EXERCISE PROMPT: Transcribe each line of the records below exactly, excluding any embedded images.

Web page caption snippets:

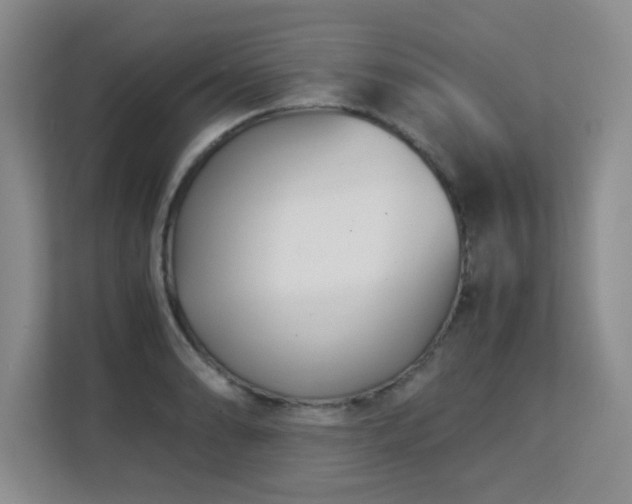 X0000113151086200909110949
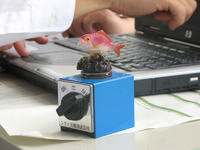 Bardzo realistyczny podwodny robot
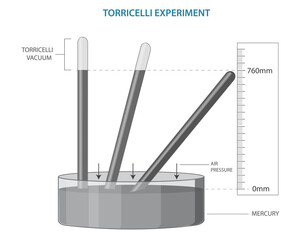The Torricelli experiment demonstrates atmospheric pressure by using a mercury-filled tube inverted in a dish, showing how air pressure supports the mercury column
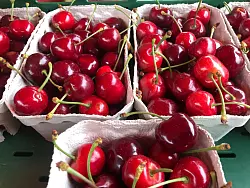 Angebaut werden vor allem Süßkirschen (Archivbild) - © Christian Böhmer/dpa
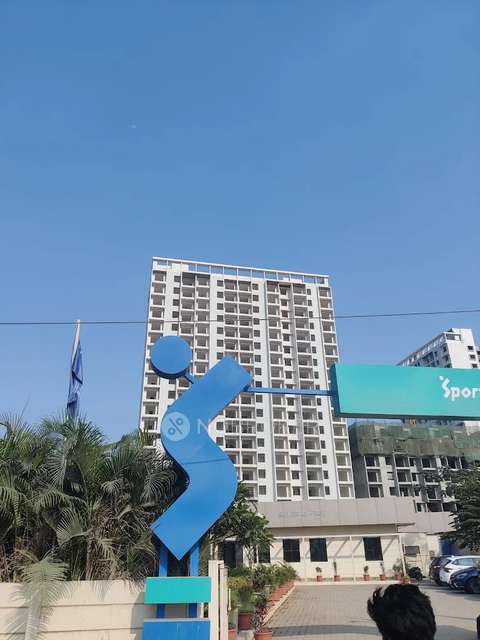 3 BHK Flat In Kohinoor Sportsville  for Rent  In Hinjewadi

SOLUTION FOR THIS PROBLEM:
 X0000113151086200909110949
 Bardzo realistyczny podwodny robot
The Torricelli experiment demonstrates atmospheric pressure by using a mercury-filled tube inverted in a dish, showing how air pressure supports the mercury column
 Angebaut werden vor allem Süßkirschen (Archivbild) - © Christian Böhmer/dpa
 3 BHK Flat In Kohinoor Sportsville  for Rent  In Hinjewadi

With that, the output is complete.